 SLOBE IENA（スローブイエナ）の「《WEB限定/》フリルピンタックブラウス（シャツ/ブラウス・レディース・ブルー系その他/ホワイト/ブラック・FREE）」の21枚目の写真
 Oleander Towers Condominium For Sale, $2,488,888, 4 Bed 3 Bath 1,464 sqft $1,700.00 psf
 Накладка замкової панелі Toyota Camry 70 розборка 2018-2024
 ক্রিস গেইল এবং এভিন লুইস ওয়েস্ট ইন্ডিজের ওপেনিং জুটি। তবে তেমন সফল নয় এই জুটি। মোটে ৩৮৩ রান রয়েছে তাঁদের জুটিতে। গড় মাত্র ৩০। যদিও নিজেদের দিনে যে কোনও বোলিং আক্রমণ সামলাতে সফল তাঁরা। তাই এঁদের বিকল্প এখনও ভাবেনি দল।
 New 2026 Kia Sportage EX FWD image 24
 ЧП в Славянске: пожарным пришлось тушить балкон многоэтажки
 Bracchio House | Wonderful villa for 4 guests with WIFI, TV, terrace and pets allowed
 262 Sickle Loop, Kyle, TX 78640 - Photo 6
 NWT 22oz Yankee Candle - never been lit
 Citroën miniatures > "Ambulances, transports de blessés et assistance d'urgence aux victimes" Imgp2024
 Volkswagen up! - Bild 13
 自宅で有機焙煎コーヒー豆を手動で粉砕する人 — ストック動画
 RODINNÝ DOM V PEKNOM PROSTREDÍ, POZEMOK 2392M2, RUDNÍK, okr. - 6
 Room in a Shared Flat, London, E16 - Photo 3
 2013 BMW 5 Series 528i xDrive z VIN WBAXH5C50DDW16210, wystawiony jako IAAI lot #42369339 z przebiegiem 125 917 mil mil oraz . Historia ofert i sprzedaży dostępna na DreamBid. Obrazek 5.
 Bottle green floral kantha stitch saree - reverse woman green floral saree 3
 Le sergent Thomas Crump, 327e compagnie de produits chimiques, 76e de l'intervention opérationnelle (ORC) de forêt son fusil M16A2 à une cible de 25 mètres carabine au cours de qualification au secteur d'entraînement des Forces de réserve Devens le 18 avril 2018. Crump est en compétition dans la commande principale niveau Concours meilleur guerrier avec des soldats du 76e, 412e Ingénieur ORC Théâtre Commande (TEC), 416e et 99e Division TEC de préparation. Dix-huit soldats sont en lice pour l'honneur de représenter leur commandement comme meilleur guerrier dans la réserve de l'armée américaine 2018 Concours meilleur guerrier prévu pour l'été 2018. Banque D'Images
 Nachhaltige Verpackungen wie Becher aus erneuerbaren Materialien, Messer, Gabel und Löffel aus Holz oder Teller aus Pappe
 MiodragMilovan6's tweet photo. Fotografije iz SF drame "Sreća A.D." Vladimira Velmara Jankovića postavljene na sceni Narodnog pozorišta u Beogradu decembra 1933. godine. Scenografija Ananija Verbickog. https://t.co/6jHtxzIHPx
════════════════
§ **About this task**
Find the line containing "New 2026 Kia Sportage EX FWD image 24" in the material above. Print it and every line after it through the end, exactly and only those.

§ **Exercise answer**
 New 2026 Kia Sportage EX FWD image 24
 ЧП в Славянске: пожарным пришлось тушить балкон многоэтажки
 Bracchio House | Wonderful villa for 4 guests with WIFI, TV, terrace and pets allowed
 262 Sickle Loop, Kyle, TX 78640 - Photo 6
 NWT 22oz Yankee Candle - never been lit
 Citroën miniatures > "Ambulances, transports de blessés et assistance d'urgence aux victimes" Imgp2024
 Volkswagen up! - Bild 13
 自宅で有機焙煎コーヒー豆を手動で粉砕する人 — ストック動画
 RODINNÝ DOM V PEKNOM PROSTREDÍ, POZEMOK 2392M2, RUDNÍK, okr. - 6
 Room in a Shared Flat, London, E16 - Photo 3
 2013 BMW 5 Series 528i xDrive z VIN WBAXH5C50DDW16210, wystawiony jako IAAI lot #42369339 z przebiegiem 125 917 mil mil oraz . Historia ofert i sprzedaży dostępna na DreamBid. Obrazek 5.
 Bottle green floral kantha stitch saree - reverse woman green floral saree 3
 Le sergent Thomas Crump, 327e compagnie de produits chimiques, 76e de l'intervention opérationnelle (ORC) de forêt son fusil M16A2 à une cible de 25 mètres carabine au cours de qualification au secteur d'entraînement des Forces de réserve Devens le 18 avril 2018. Crump est en compétition dans la commande principale niveau Concours meilleur guerrier avec des soldats du 76e, 412e Ingénieur ORC Théâtre Commande (TEC), 416e et 99e Division TEC de préparation. Dix-huit soldats sont en lice pour l'honneur de représenter leur commandement comme meilleur guerrier dans la réserve de l'armée américaine 2018 Concours meilleur guerrier prévu pour l'été 2018. Banque D'Images
 Nachhaltige Verpackungen wie Becher aus erneuerbaren Materialien, Messer, Gabel und Löffel aus Holz oder Teller aus Pappe
 MiodragMilovan6's tweet photo. Fotografije iz SF drame "Sreća A.D." Vladimira Velmara Jankovića postavljene na sceni Narodnog pozorišta u Beogradu decembra 1933. godine. Scenografija Ananija Verbickog. https://t.co/6jHtxzIHPx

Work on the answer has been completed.